Tdap, first approved by the FDA in 2005, is a vaccine with reduced concentrations of both diphtheria toxoid and pertussis antigens. The CDC recommends that pertussis boosters be given at 11-12 years of age, for all pregnant women and at 10-year intervals for all other adults. Concerns about minor vaccine reactions such as sore arms with a DTaP in adults was the rationale for reducing these antigen concentrations. Safety data indicates that Tdap is safe and is not associated with neurologic or pregnancy complications. Immunity is similar to DTaP. Tdap pertussis efficacy wanes significantly after 4 years. This waning immunity, coupled with under vaccination and vaccine refusal, is associated with school and community outbreaks.
Tdap in Pregnancy
Between 2000-2017, 84% of fatal pertussis cases were seen in infants less than 2 months of age. The CDC, along with professional societies for obstetricians, mid-wives, family medicine practitioners and pediatricians, recommended that all pregnant women receive Tdap between 27-36 weeks of gestation. The rationale for Tdap vaccination during pregnancy was pertussis antibodies from the newly vaccinated mother could be transferred transplacentally to the infant in utero. These antibodies would protect the infant during their period of greatest risk of pertussis hospitalization and death until they begin pertussis vaccination at 2 months.

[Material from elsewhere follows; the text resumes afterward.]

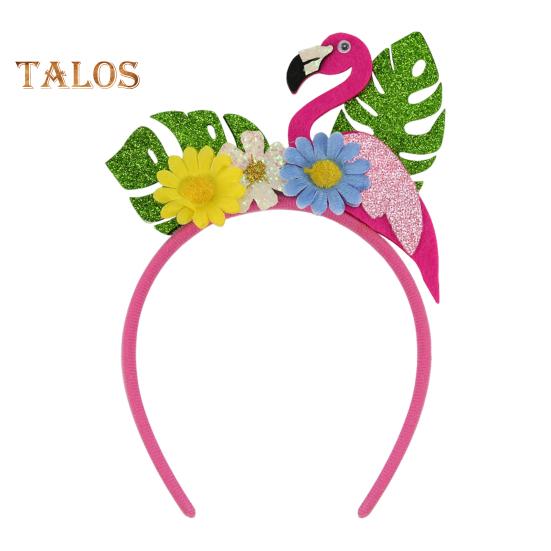 Summer Hawaiian Luau Headbands Palm Tree Flamingo Felt Beach Party Hair Accessory for Tropical Theme Party Supplies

Infants of vaccinated mothers have higher level of antibodies to pertussis antigens than those of non-vaccinated mothers. However, conclusive evidence of the efficacy of preventing pertussis in the infants of vaccinated mothers is not yet available.

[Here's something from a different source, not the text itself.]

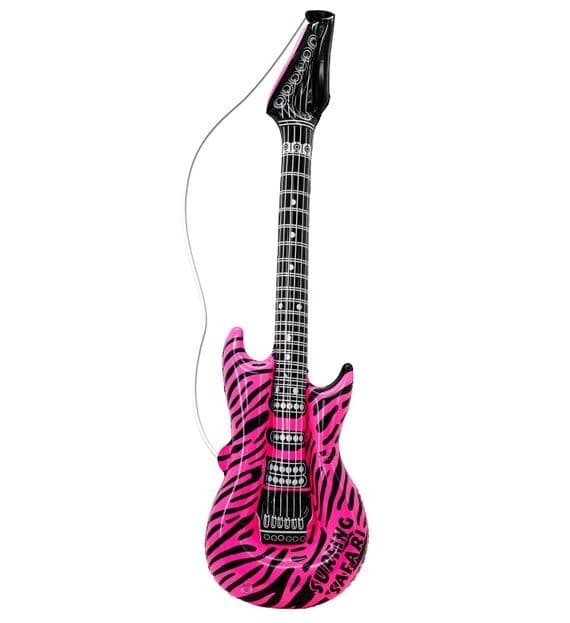 Inflatable Pink Zebra Guitar Fancy Dress Party Rock Prop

A recent survey shows that only 51% of pregnant women were vaccinated with Tdap during pregnancy. Part of the reason for this poor vaccination uptake is only 66% of pregnant women were offered Tdap vaccination by their provider. The CDC and professional societies' recommendation for pertussis vaccination during pregnancy needs to be followed more widely to reduce the pertussis risk in newborns.

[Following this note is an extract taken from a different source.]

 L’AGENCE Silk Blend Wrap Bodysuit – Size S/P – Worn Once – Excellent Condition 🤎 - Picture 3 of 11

Will an mRNA Vaccine Solve the Pertussis Vaccine Shortcoming?
The fact that pertussis vaccines are less effective when compared to other childhood vaccines such as polio, tetanus, diphtheria, S. pneumoniae, H. influenzae type B, measles, mumps and rubella, is both troubling and complex. One potential solution might be to use mRNA vaccine technology, which has proved to be effective against SAR-CoV-2, to attempt to develop a more effective pertussis vaccine platform. Unfortunately, vaccines against both pathogens share a similar shortcoming, waning immunity. It is clear that a greater understanding of the immune response generated by the acellular pertussis vaccine is needed to address the shortcomings of the currently used vaccines.